INTJ/INFJ/INTP/INFP with a 1% difference, though, my IQ is probably under 100.

This time the test settled on INTJ, and 100% introvert!


----------



## Andre (Feb 27, 2004)

Wait, what does IQ have to do with personality type?

I'm INTP.


----------



## AppleEatsWorm (Apr 2, 2005)

INxP


----------



## puppyluv (Nov 24, 2007)

ISFJ


----------



## mindy88 (Mar 30, 2007)

ISFJ


----------



## jchildr (Nov 30, 2004)

ISTJ


----------



## rusalka (Jan 12, 2004)

AppleEatsWorm said:


> INxP


...huh?


----------



## AppleEatsWorm (Apr 2, 2005)

Poeme said:


> AppleEatsWorm said:
> 
> 
> > INxP
> ...


middle ground between INTP and INFP


----------



## embers (Dec 19, 2006)

INTJ


----------



## ardrum (May 13, 2007)

Wow, the first female INTJ in this thread!


----------



## embers (Dec 19, 2006)

I've taken this test so many times with the same INTJ results, I don't know why I think the results will be different. Here's a link to an INTJ site for some more interesting info, if no one has posted it already, sorry I didn't read through the posts. There are also links at the bottom of the page about INTJ's.
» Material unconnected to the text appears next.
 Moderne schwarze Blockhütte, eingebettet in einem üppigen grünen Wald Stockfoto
http://fuzzy.snakeden.org/intj/

The part about interpersonal relationships sticks out to me, and explains alot:

Personal relationships, particularly romantic ones, can be the INTJ's Achilles heel. While they are capable of caring deeply for others (usually a select few), and are willing to spend a great deal of time and effort on a relationship, the knowledge and self-confidence that make them so successful in other areas can suddenly abandon or mislead them in interpersonal situations.

This happens in part because many *INTJs do not readily grasp the social rituals; for instance, they tend to have little patience and less understanding of such things as small talk and flirtation *(which most types consider half the fun of a relationship). To complicate matters, *INTJs are usually extremely private people, and can often be naturally impassive as well, which makes them easy to misread and misunderstand. Perhaps the most fundamental problem, however, is that INTJs really want people to make sense.*  This sometimes results in a peculiar naivete', paralleling that of many Fs -- only instead of expecting inexhaustible affection and empathy from a romantic relationship, *the INTJ will expect inexhaustible reasonability and directness*.
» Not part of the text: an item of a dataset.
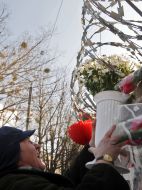 Timoshenko's supporter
Probably the strongest INTJ assets in the interpersonal area are their intuitive abilities and their willingness to "work at" a relationship. Although as Ts they do not always have the kind of natural empathy that many Fs do, the Intuitive function can often act as a good substitute by *synthesizing the probable meanings behind such things as tone of voice, turn of phrase, and facial expression*. This ability can then be honed and directed by consistent, repeated efforts to understand and support those they care about, and those relationships which ultimately do become established with an INTJ tend to be characterized by their robustness, stability, and good communications.
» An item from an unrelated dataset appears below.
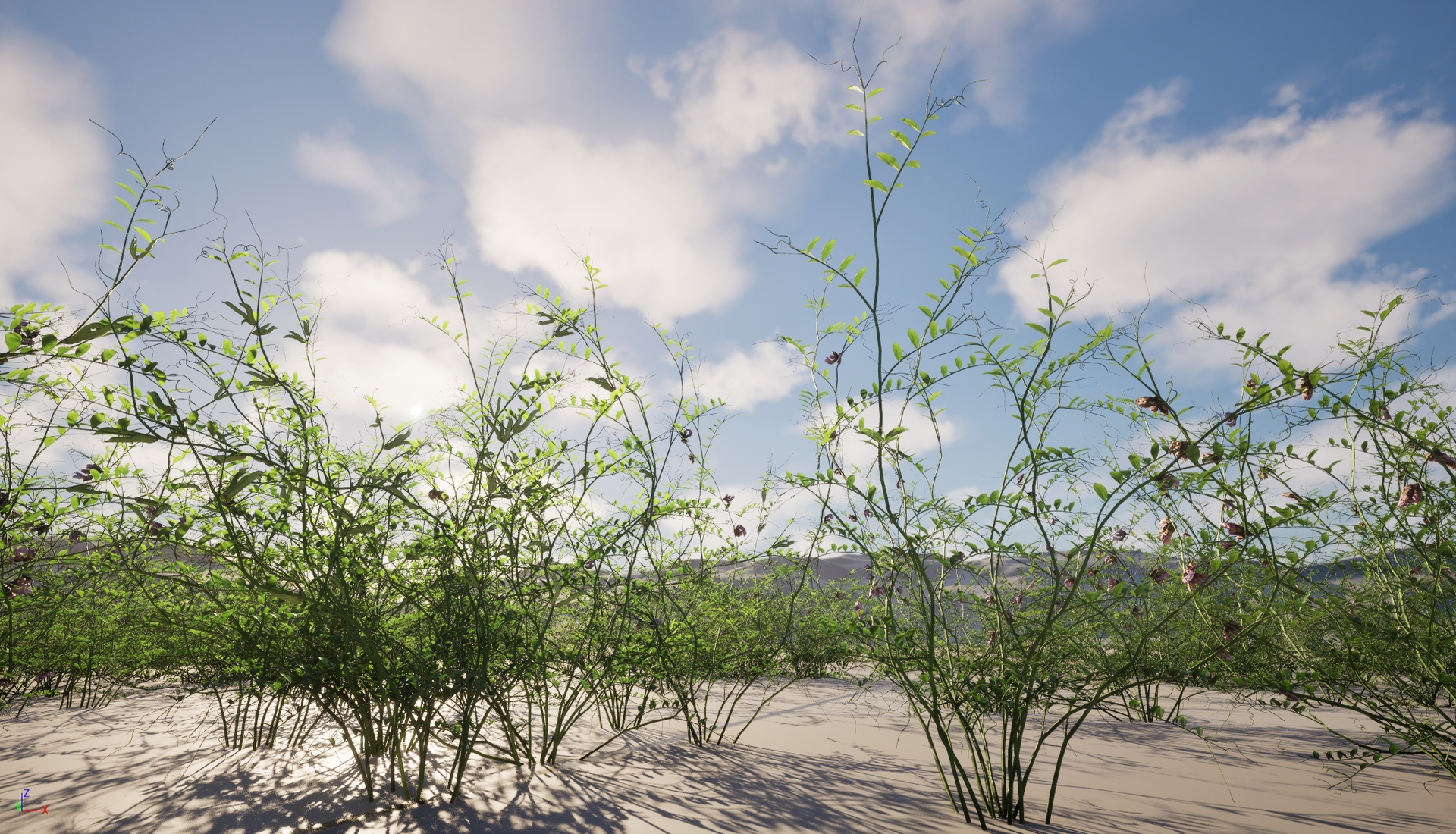 Media 1 for listing Nanite WInd Grass - Vicia sepium – bush vetch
I don't know if any other female INTJ's are like this, but I am extremely emotional and I feel its a weakness if I show it to other people. But I admire those who can show it freely. :con


----------



## ardrum (May 13, 2007)

Yeah, embers, I can relate to that description extremely well. I get more out of a stimulating and engaging conversation than any sort of stereotypical, "romantic" action.


----------



## embers (Dec 19, 2006)

I don't know if you do this ardrum or other INTJs but I study people a lot, their emotions, their interactions, as if i'm a spectator. I understand everything, and so when i'm involved in a heated exchange or emotional one, i've already reasoned it in my own head so I don't show much response, or get caught up, i'm very stoic. I do still "feel" the emotions but I rationalize them more than playing them out if that makes sense. But it fascinates me watching people play out their emotions. I watch reality T.V. a lot and just observe people interactions. Its like i'm some weird alien collecting data to take back to my planet. I have to remind myself i'm in fact human, and try to fit in by "playing one" so no one suspects i'm extra-terrestrial really. :b


----------



## ardrum (May 13, 2007)

Hahah, yes, I'm definitely one who studies.  It's not limited to social interaction, but it definitely includes social interaction.  I rarely show emotions (my avatar pretty is basically my expression 95%+ of the day).I find myself occasionally watching shows that feature unusual people.  I LOVE documentaries about people.  They're essentially specimens for my research.  I can get along with just about anyone after I quietly observe them over time to learn their patterns and tastes.Friends come to me for advice very often since I am rather good at analyzing others' situations objectively.  I've never been in a romantic relationship, but I've had tons of people ask me to assess their situations and give advice regarding all sorts of situations.I don't think heated arguments are very productive, as I prefer to remain as logical as possible.  So I basically limit debating to written text in order to stay organized and personally detached from the subject matter.People sometimes find it strange when I refer to the word "humans" as if I'm not one.  I'll go into a crowded area and say, "Geez there are a lot of humans in here."  It's kind of disturbing to think that I'm a human given what I often observe, so I try not to think about it.  :lol


----------



## Kelly (Dec 12, 2003)

Second female INTJ. I've scored INTJ for years. This was no surprise.



Have a nice day,
Kelly


----------



## ericj (Jun 20, 2007)

INTJ females are probably the only people with a greater social disadvantage based on personality alone than their male counterparts. We're certainly the bottom of the barrel in general, though, because we're naturally socially inept...


----------



## Kelly (Dec 12, 2003)

I don't consider myself to be socially inept.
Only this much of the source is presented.